Provinsi dengan jumlah penduduk lebih dari 12.000.000 (dua belas juta) jiwa
harus didukung sekurangkurangnya 3% (tiga persen). Jumlah dukungan sebagaimana
dimaksud di atas tersebar di lebih dari 50% (lima puluh persen) jumlah
kabupaten / kota di provinsi dimaksud. Sedangkan, untuk pasangan calon
perseorangan yang dapat mendaftarkan diri sebagai pasangan calon Bupati dan
Wakil Bupati, atau Walikota dan Wakil Walikota, apabila memenuhi syarat
dukungan dengan ketentuan: a.

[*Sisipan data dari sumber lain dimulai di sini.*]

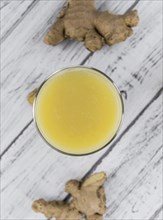 Healthy Ginger Sap on a wooden table as detailed close-up shot (selective focus)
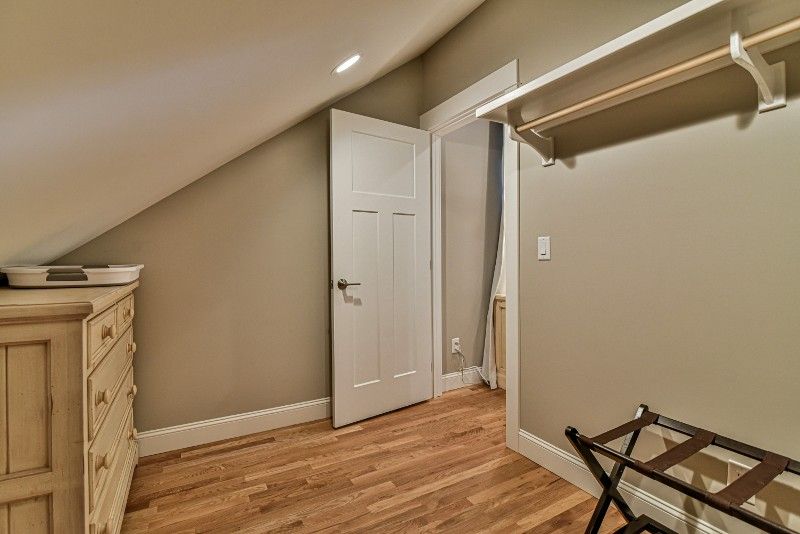 A walk in closet with a dresser and a suitcase rack.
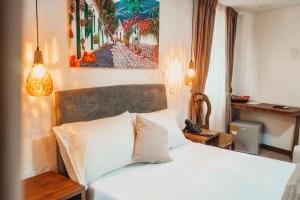 Un dormitorio con una cama blanca y una pintura en la pared en Hotel Boutique Casa del Hidalgo, en Cali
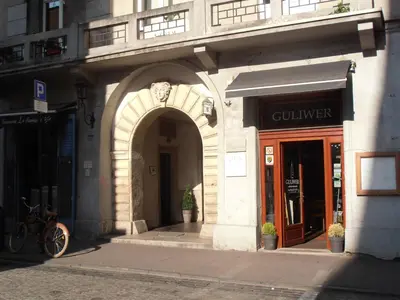 a building with an archway in front of a store at Apartamenty Rudi in Kraków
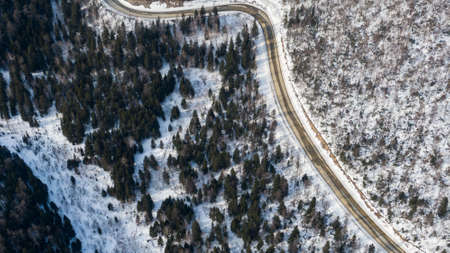 Aerial view of the river and taiga forests and road in the winter - springtime . Abstract landscape of northern nature with drone.の写真素材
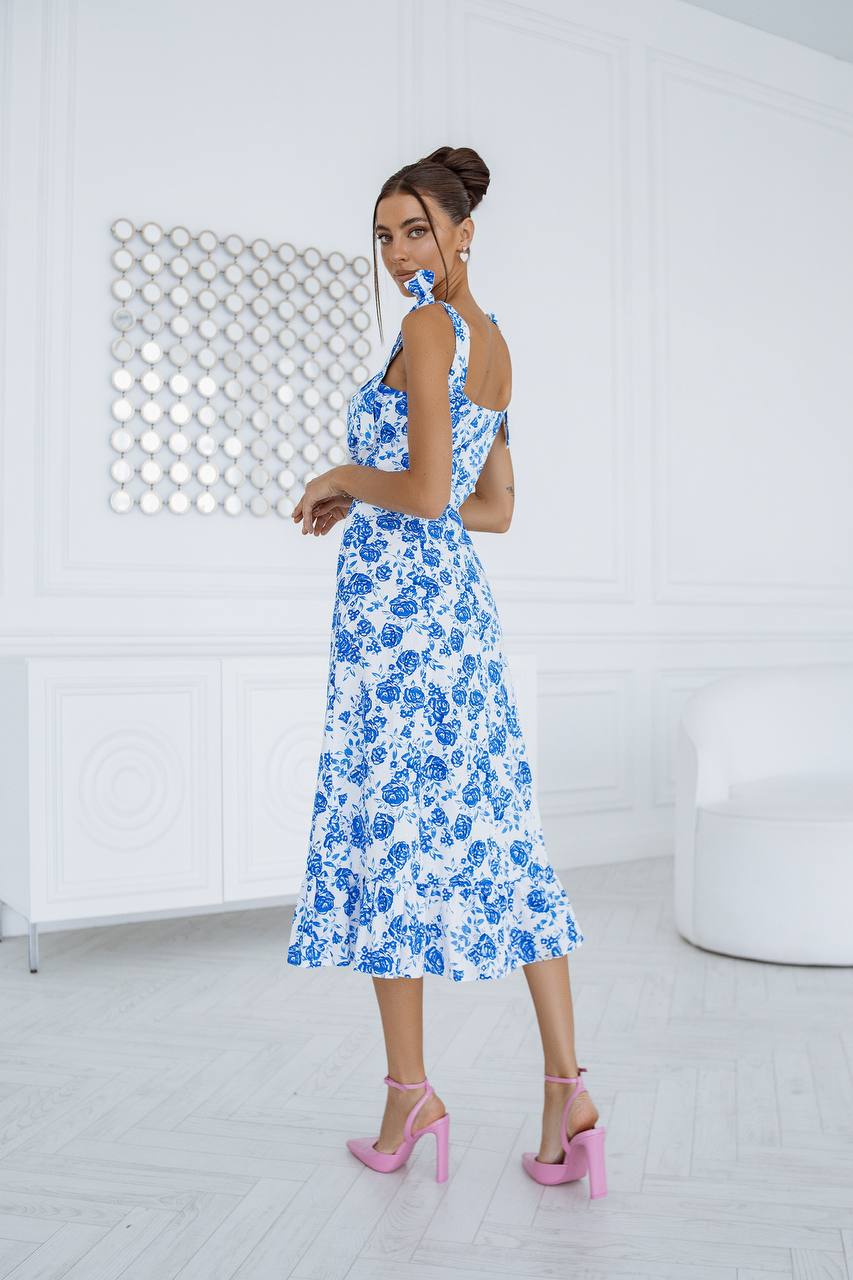 Woman in a blue floral dress standing in a minimalistic room with white walls and floor.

Kabupaten/Kota dengan jumlah penduduk sampai
dengan 250.000 (dua ratus lima puluh ribu) jiwa harus didukung
sekurang-kurangnya 6,5% (enam koma lima persen). b. Kabupaten/kota dengan
jumlah penduduk lebih dari 250.000 (dua ratus lima puluh ribu) sampai dengan
500.000 (lima ratus ribu) jiwa harus didukug sekurang-kurangnya 5% (lima
persen); dan c. Kabupaten/Kota dengan jumlah penduduk lebih dari 500.000 (lima
ratus ribu) sampai dengan 1.000.000 (satu juta) jiwa harus didukung
sekurang-kurangnya 4% (empat persen);dan d. Kabupaten/Kota dengan jumlah
penduduk lebih dari 1.000.000 (satu juta) jiwa harus didukung sekurangkurangnya
3% (tiga persen). Jumlah dukungan sebagaimana dimaksud di atas tersebar di
lebih dari 50% (lima puluh persen) jumlah kecamatan di kabupaten/kota dimaksud.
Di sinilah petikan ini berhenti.